# Magical Atmosphere Music



## schuberkovich (Apr 7, 2013)

A recent post on current listening reminded me of a piece which I used to adore - the ballet suite from "The Perfect Fool" by Holst and listening to it again, I was blown away. 
My favourite part is called "Dance of Spirits of Water" and I was struck by how magical the music is - it instantly conjured up images of swamps, nymphs, fairies etc.




Does anyone know of any similar music?


----------



## ahammel (Oct 10, 2012)

Well, it's modal. It reminds me a bit of the passacaglia from Ravel's piano trio. For magical atmophere in general, maybe the _Prelude de l'apres-midi d'un faun_, or _Daphnis et Chloé_ (the actual afternoon of a faun).

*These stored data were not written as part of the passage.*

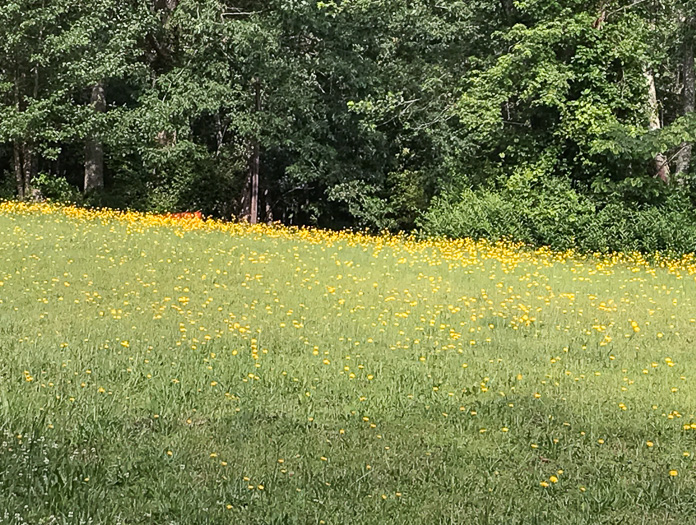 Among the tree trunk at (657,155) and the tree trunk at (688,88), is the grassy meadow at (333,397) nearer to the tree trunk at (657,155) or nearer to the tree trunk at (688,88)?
the tree trunk at (657,155)

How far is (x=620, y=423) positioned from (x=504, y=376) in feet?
4.44

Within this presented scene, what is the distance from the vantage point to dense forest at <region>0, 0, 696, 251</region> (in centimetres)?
1795

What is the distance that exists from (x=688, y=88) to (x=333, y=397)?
19182mm

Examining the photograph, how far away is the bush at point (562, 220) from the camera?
16.7 meters

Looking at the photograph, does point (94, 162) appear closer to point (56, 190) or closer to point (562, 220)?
point (56, 190)

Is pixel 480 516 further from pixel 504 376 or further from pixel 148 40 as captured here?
pixel 148 40

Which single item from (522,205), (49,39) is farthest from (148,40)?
(522,205)

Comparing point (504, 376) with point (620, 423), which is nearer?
point (620, 423)

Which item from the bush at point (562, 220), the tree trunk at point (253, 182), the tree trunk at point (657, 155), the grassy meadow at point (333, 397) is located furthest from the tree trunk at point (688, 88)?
the tree trunk at point (253, 182)

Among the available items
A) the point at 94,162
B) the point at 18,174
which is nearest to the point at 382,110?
the point at 94,162

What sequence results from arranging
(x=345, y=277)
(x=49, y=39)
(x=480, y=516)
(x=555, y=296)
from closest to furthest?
1. (x=480, y=516)
2. (x=555, y=296)
3. (x=345, y=277)
4. (x=49, y=39)

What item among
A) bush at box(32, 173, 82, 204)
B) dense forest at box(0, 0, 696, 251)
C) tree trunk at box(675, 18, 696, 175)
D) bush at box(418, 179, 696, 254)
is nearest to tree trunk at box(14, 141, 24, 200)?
dense forest at box(0, 0, 696, 251)

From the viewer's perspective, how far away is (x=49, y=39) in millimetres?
19547

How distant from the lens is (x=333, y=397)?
5.83 m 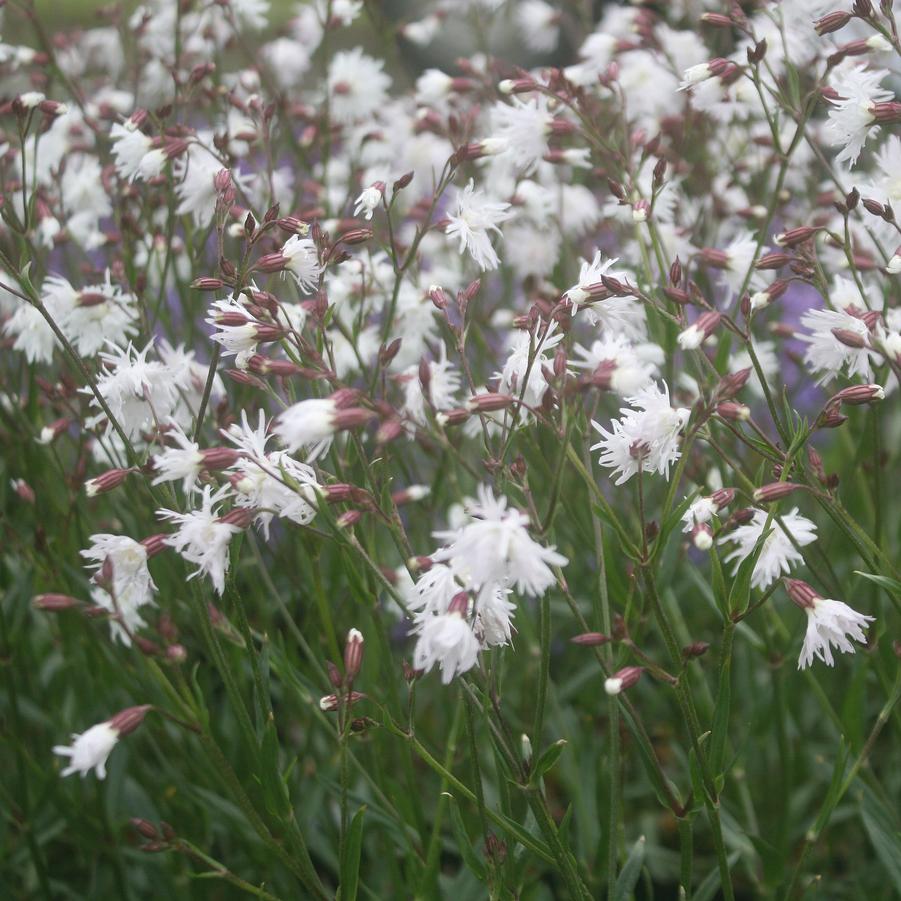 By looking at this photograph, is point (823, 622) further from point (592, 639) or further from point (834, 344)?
point (834, 344)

The Magic Fire Music from various bits of the _Ring_ cycle is some slightly more literal "magical atmosphere music".


----------



## brianvds (May 1, 2013)

Very magical indeed. I have never heard of this before, so thanks for sharing!

I agree with ahammel about Afternoon of a faun: also magical, as is Debussy's "Reflection on the water." He was very much the master of magic. 

I discovered Bartok when I was in my teens, and I remember lying awake late at night, listening to the second movement from his second piano concerto while looking out the window at the stars, completely enraptured. Same thing happens with some of his other bits of "night music." 

I think that at least for western ears, music that has a certain exotic quality has magic to it, hence our infatuation with modal music, and some kinds of Russian music (composers like Borodin, Rimsky-Korsakov and Khatchaturian also sometimes do it for me in a big way).

More humbly, I have a beautiful piece on CD, a concerto for recorder titled "Moonchild's Dream," by Thomas Koppel. Very magical!

And closer to the world of popular music, I very much like some of the work of Vangelis (yes, I know: now no one will take me seriously anymore). Particularly one of his more obscure CDs, titled "Soil Festivities." 

Speaking of modal music, I am a great fan of much of medieval music. Especially the less well known folk and dance music of the time.


----------



## Norse (May 10, 2010)




----------



## Ingélou (Feb 10, 2013)

This is a video I used when playing this piece on my violin. Both Gluck's melody & the Lake District scenery I find magical.


----------



## Norse (May 10, 2010)

The first of Tveitt's Hardanger Tunes, op.151


----------



## PetrB (Feb 28, 2012)

For literal illustrative / evocative, try Wagner's Forest Murmurs, an interlude from the opera Siegfried.





Ravel ~ The outdoors forest scene in L'enfant et les Sortileges





In a very different and less literal vein:
Charles Ives:
The Unanswered Question




The Pond


----------



## DrKilroy (Sep 29, 2012)

I guess that Sorcerer's Apprentice doesn't count? 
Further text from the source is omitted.